1Department of Environmental Science & Engineering, Gwangju Institute of Science & Technology, Republic of Korea
2Department of Atmospheric Sciences, Yonsei University, Republic of Korea
3Science Systems and Applications, Inc., NASA Langley Research Center, Hampton, Virginia, USA
4Department of Satellite Geoinformatics Engineering, Kyungil University, Republic of Korea
5Korea Polar Research Institute, Republic of Korea
6Applied Meteorology Research Lab. National Institute of Meteorological Research
Abstract. The diurnal patterns in pollen vertical distributions in the lower troposphere were investigated by the LIDAR remote sensing technique. Meteorological and pollen concentration data was measured at the surface using a Burkard 7 day recording volumetric spore sampler. An aerosol extinction coefficient and depolarization ratio of 532 nm was obtained from LIDAR measurements in spring (4 May–2 June) 2009 in Gwagnju, Korea. Depolarization ratios from 0.08 to 0.14 were observed only in daytime (09:00–17:00 local time (LT)) during high pollen concentration days from 4 to 9 May. Vertical distributions in the depolarization ratio with time showed a specific diurnal pattern. Depolarization ratios, which varied from 0.08 to 0.14, were measured near the surface in the morning.
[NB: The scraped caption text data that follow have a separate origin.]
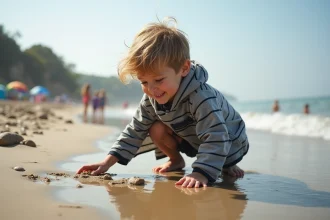Poncho moderne adapté à la plage et aux activités aquatiques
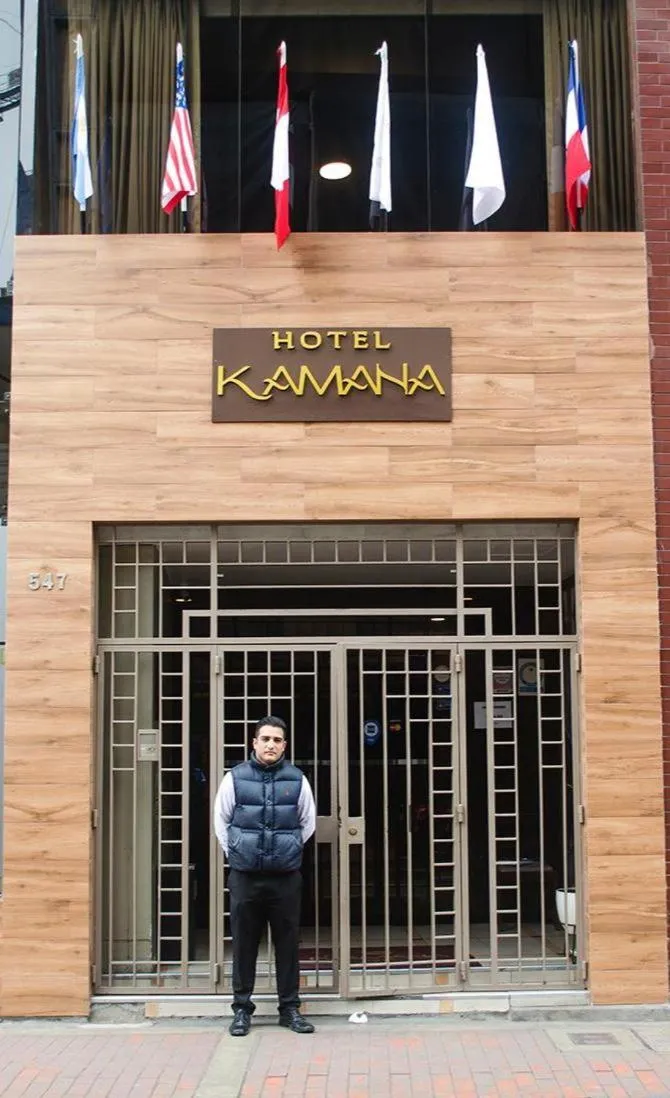 Facade/entrance in Kamana Hotel
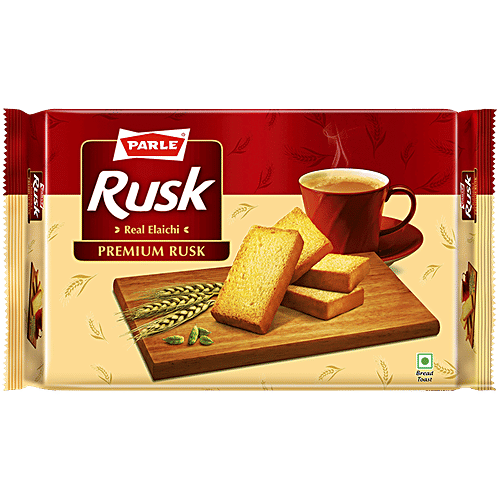 Parle Real Elaichi Premium Rusk 291.2 g (Pack)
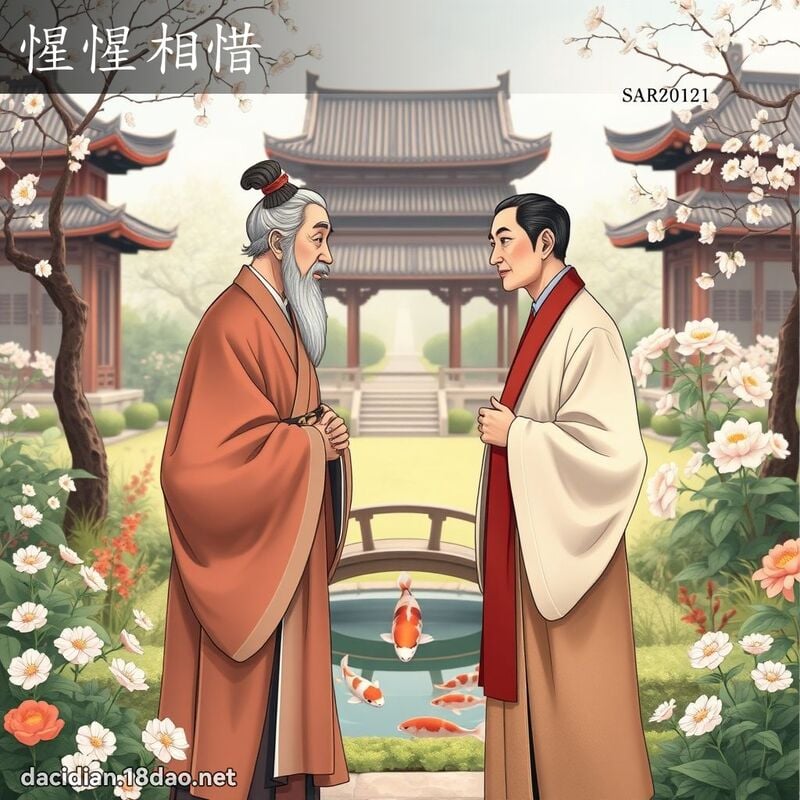 惺惺相惜 - 國語大辭典配圖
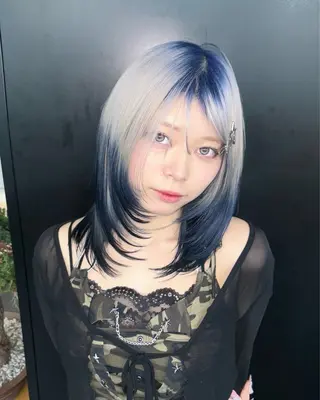 ミディアム カラー ヘアアレンジ ミリ/原宿/ハイ トーンカラー💫のヘアスタイル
High depolarization ratios were detected even up to 2.0 km between 12:00 and 14:00 LT but subsequently were observed only close to the surface after 17:00 LT. Low values of depolarization ratios (≤ 0.05) were detected after 18:00 LT until next morning. During the measurement period, the daily variations in the high depolarization ratios close to the surface showed good agreement with those in surface pollen concentrations, which implies that high depolarization ratios can be attributed to high pollen concentrations. The diurnal characteristics in high values of depolarization ratios were closely associated with turbulent transport, which can be caused by increasing temperature and wind speed and decreasing relative humidity. Continuously measured diurnal and vertical characteristics of pollen data can be further used to enhance the accuracy of the pollen-forecasting model via data assimilation studies.